By modifying $k$ and the temperature parameter, we can create a model which is more or less random in its responses.


In [13]:
def generate_text_top_k(model, tokenizer, seed_text, max_length=20, k=5, temperature=1.0):
    """
    Generate text using top-k sampling.

    :param model: Trained MiniGPT model
    :param tokenizer: Keras tokenizer used for training
    :param seed_text: Initial text prompt
    :param max_length: Maximum words to generate
    :param k: Number of top-k words to consider
    :param temperature: Controls randomness (higher = more random)
    :return: Generated text
    """
    sequence = tokenizer.texts_to_sequences([seed_text])[0]

    for _ in range(max_length):
        padded_sequence = tf.keras.preprocessing.sequence.pad_sequences([sequence], maxlen=10, padding="pre")

        # Get model prediction
        predictions = model.predict(padded_sequence, verbose=0)
        predictions = predictions.flatten()  # Convert shape (vocab_size,) for processing

        # Apply temperature scaling
        predictions = np.exp(predictions / temperature)
        predictions = predictions / np.sum(predictions)  # Normalize to probability distribution

        # Get top-k predictions
        top_k_indices = np.argsort(predictions)[-k:]  # Get k highest probability words
        top_k_probs = predictions[top_k_indices]

        # Sample next word from top-k probabilities
        next_word_id = np.random.choice(top_k_indices, p=top_k_probs / np.sum(top_k_probs))

        if next_word_id == 0:
            break  # Stop if unknown token predicted

        sequence.append(next_word_id)

    return tokenizer.sequences_to_texts([sequence])[0]

prompt = "To be or not to"
print(generate_text_top_k(gpt_model, tokenizer, prompt, k=5, temperature=0.7))

to be or not to in the to the the of and and to of the the and to in of to and the and


In [15]:
def chatbot():
    print("Shakespeare GPT Chatbot - Type 'exit' to quit.")
    
    while True:
        user_input = input("\nYou: ")
        if user_input.lower() == "exit":
            print("Goodbye!")
            break

        response = generate_text_top_k(gpt_model, tokenizer, user_input, k=5, temperature=2.8)
        print(f"Bot: {response}")


# Start Chatbot
chatbot()

Shakespeare GPT Chatbot - Type 'exit' to quit.



You:  Hello


Bot: in and and and of of the in of the in the in of and and to and the of



You:  exit


Goodbye!


## Closing Comments

This model is pretty cool, but suffers from some obvious issues.

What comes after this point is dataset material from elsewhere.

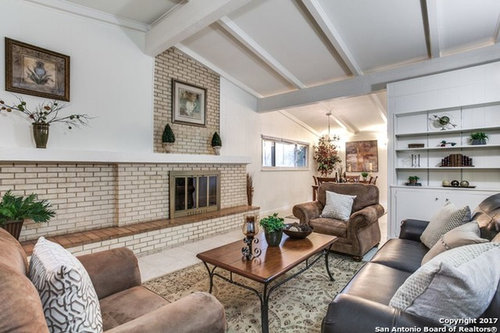 What Lighting for Vaulted Ceiling?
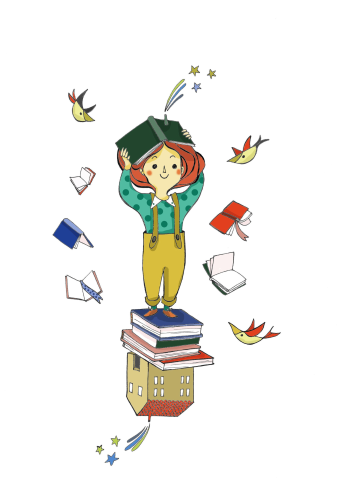 Immagine che raffigura Nuovi orari apertura biblioteca comunale dal 1 marzo 2025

* The model is very repititive
* The model does not use punctuation
* The output is not very natural sounding

There are some advanced techniques we could implement to address them.
* We could introduce a penalty to the output to repeated words (as was done in GPT 2).
* We could manually split out input sentences where punctuation naturally occurs
* We could try a bigger model, and train for longer
* We could include more training text
* We could increase the training context window (we only used 10)

# Homework

1. Download the novels below:

* https://www.gutenberg.org/cache/epub/345/pg345.txt - [**Dracula**]
* https://www.gutenberg.org/cache/epub/84/pg84.txt - [**Frankenstein**]
* https://www.gutenberg.org/cache/epub/514/pg514.txt - [**Little Women**]
* https://www.gutenberg.org/cache/epub/42671/pg42671.txt - [**Pride and Prejudice**]
* https://www.gutenberg.org/cache/epub/64317/pg64317.txt - [**The Great Gatsby**]
* https://www.gutenberg.org/cache/epub/2701/pg2701.txt - [**Moby Dick**]

2. Perform text preprocessing on these texts.

3. Build a tokenizer using the cleaned text.

4. Train a GPT model using the cleaned text.

5. Build your own chat bot using the trained GPT model.